▸ Aim of the task:
Every line of the listing below from the one with "vidaXL Paravan duș" up to and including the one with "onymino Boy's Garfield" should be retyped exactly, and nothing else; pictures are not part of the copy.

▸ Source records:
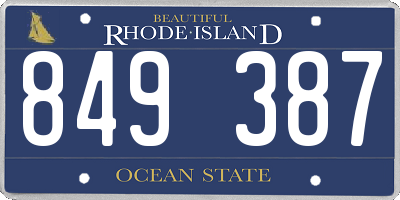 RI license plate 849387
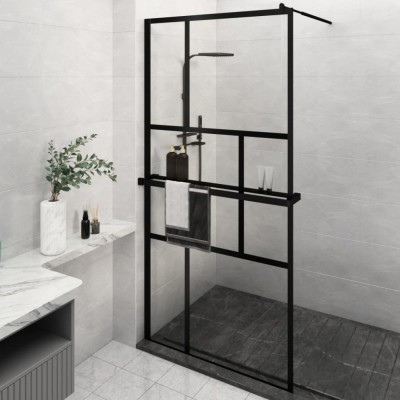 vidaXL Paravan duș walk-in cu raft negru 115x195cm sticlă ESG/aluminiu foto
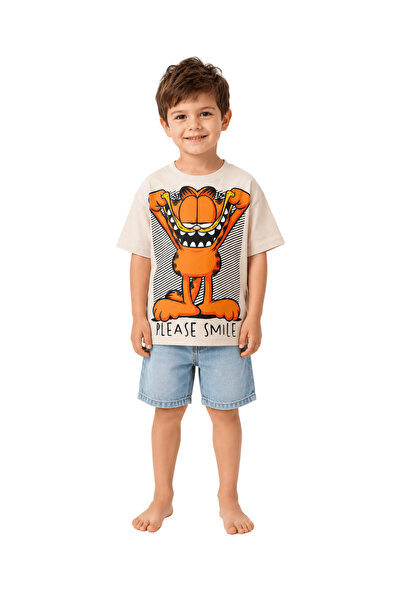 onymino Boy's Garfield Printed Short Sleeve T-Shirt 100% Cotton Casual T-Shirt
--
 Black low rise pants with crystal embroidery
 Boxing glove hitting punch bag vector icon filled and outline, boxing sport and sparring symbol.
--
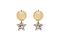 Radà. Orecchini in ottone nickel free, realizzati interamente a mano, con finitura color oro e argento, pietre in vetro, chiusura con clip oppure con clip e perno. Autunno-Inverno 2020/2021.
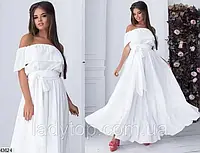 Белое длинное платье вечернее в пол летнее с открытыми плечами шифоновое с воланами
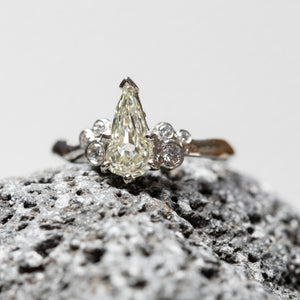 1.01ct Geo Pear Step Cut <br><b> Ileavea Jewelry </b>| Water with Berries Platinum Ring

▸ Finished task:
 vidaXL Paravan duș walk-in cu raft negru 115x195cm sticlă ESG/aluminiu foto
 onymino Boy's Garfield Printed Short Sleeve T-Shirt 100% Cotton Casual T-Shirt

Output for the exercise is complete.